In considering which organisations are best positioned to help me achieve this, there's a solid selection that are at the front of my mind. There's also a bunch that I have enormous respect for but are less well-equipped to help me achieve this. As the process plays out, I'll be working with KPMG to more clearly identify which organisations fit into the first category. As I'm sure you can imagine, there are some very serious discussions to be had: where HIBP would fit into the organisation, how they'd help me achieve those bullet-pointed objectives above and frankly, whether it's the right place for such a valuable service to go. There are also some major personal considerations for me including who I'd feel comfortable working with, the impact on travel and family and, of course, the financial side of the whole thing. I'll be honest - it's equal parts daunting and exciting.

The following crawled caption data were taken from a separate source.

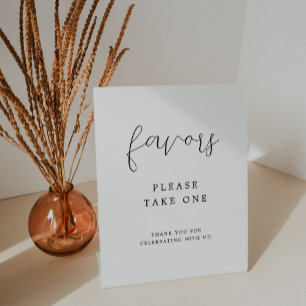 Elegant Calligraphy Wedding Favours Sign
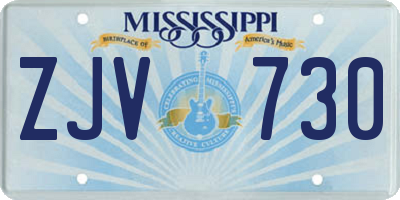 MS license plate ZJV730
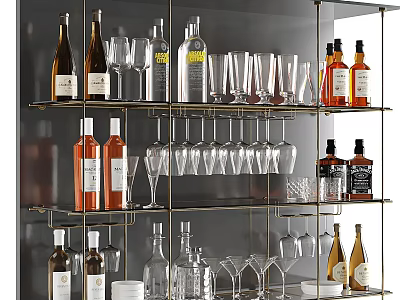 Elegant Wine Bottles and Glasses Collection Displayed on Modern Shelf with Various Types 3d model
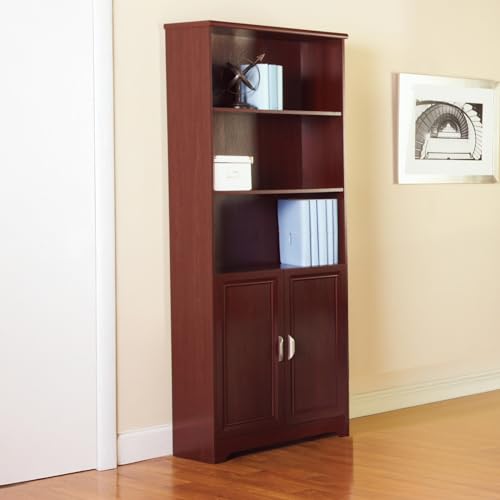 Realspace® Magellan 72' H 5-Shelf Bookcase with Doors, Classic Cherry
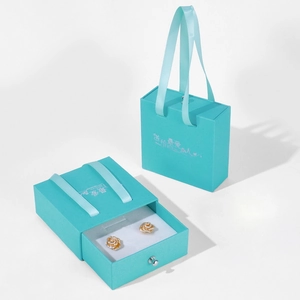 Elegant rose earring set with crystal zircon and premium blue drawer gift boxes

Last week I began contacting each stakeholder that would have an interest in the outcome of Project Svalbard before making it public in this blog post. I explained the drivers behind it and the intention for this exercise to make HIBP not just more sustainable, but also for it to make a much bigger impact on the data breach landscape. This has already led to some really productive discussions with organisations that could help HIBP make a much more positive impact on the industry. There's been a lot of enthusiasm and support for this process which is reassuring.

One question I expect I'll get is "why don't I turn it into a more formal, commercially-centric structure and just hire people?" I've certainly had that opportunity for some time either by funding it myself or via the various VCs that have come knocking over the years. The main reason I decided not to go down that path is that it massively increases my responsibilities at a time where I really need to reduce the burden on me. As of today, I can't just switch off for a week and frankly, if I tried even for a day I'd be worried about missing something important. In time, building up a company myself might allow me to do that but only after investing a substantial amount of time (and money) which is just not something I want to do at this point.


I'm enormously excited about the potential of Project Svalbard. In those early discussions with other organisations, I'm already starting to see a pattern emerge around better managing the entire data breach ecosystem. Imagine a future where I'm able to source and process much more data, proactively reach out to impacted organisations, guide them through the process of handling the incident, ensure impacted individuals like you and me better understand our exposure (and what to do about it) and ultimately, reduce the impact of data breaches on organisations and consumers alike. And it goes much further than that too because there's a lot more that can be done post-breach, especially to tackle attacks such as the huge rate of credential stuffing we're seeing these days. I'm really happy with what HIBP has been able to do to date, but I've only scratched the surface of potential with it so far.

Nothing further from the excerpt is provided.